“Oh What a Lovely War”
Last week we went to see “O What a Lovely War”, given by a most accomplished amateur group in the Newman Hall, Henleaze. It is a satire on World War I and, by extension, on war in general. The show combines genuine pathos with rip roaring music hall songs. I first saw it at the age of 18 in the West End and was much impressed. It was a shock to hear the grim data on casualties, the result of asinine incompetence by generals and politicians.
This time I came away applauding the production but aware of how dated the piece is. It was part of the social revolution of the 1960’s, decrying the class system. I now know very much more about that war and I think the piece was partly a stick to beat the “upper classes”.

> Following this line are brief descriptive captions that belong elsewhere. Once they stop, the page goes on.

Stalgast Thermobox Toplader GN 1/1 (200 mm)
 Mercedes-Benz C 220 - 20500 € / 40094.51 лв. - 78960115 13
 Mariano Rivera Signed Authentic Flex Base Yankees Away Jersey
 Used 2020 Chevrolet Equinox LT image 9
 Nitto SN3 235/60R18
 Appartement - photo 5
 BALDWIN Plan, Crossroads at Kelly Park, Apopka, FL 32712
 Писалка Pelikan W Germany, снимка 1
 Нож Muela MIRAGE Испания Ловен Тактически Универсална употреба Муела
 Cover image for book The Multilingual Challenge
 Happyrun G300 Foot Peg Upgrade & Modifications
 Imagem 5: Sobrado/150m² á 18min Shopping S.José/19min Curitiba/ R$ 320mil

When the First World War finished the German civilian population was starving and bankrupt, and over half a million had died as a result of the Allied naval blockade.
Commonsense and Christian charity suggest that we should be magnanimous and forgiving after victory. But after the war we punished Germany and imposed severe reparations through the Treaty of Versailles. Alas, this was fertile ground for fanatics like Adolf Hitler. The result was not peace but, as one French general put it, a twenty year armistice between wars.
A lesson here is that one should always look at the other person’s views. This was brought home to me a few years ago when I was showing some German students around Falfield parish church. I drew attention to the war memorial and remarked that as always there were at least twice as many dead listed from the First World War than the Second. One girl replied: “It’s the other way round on German war memorials.”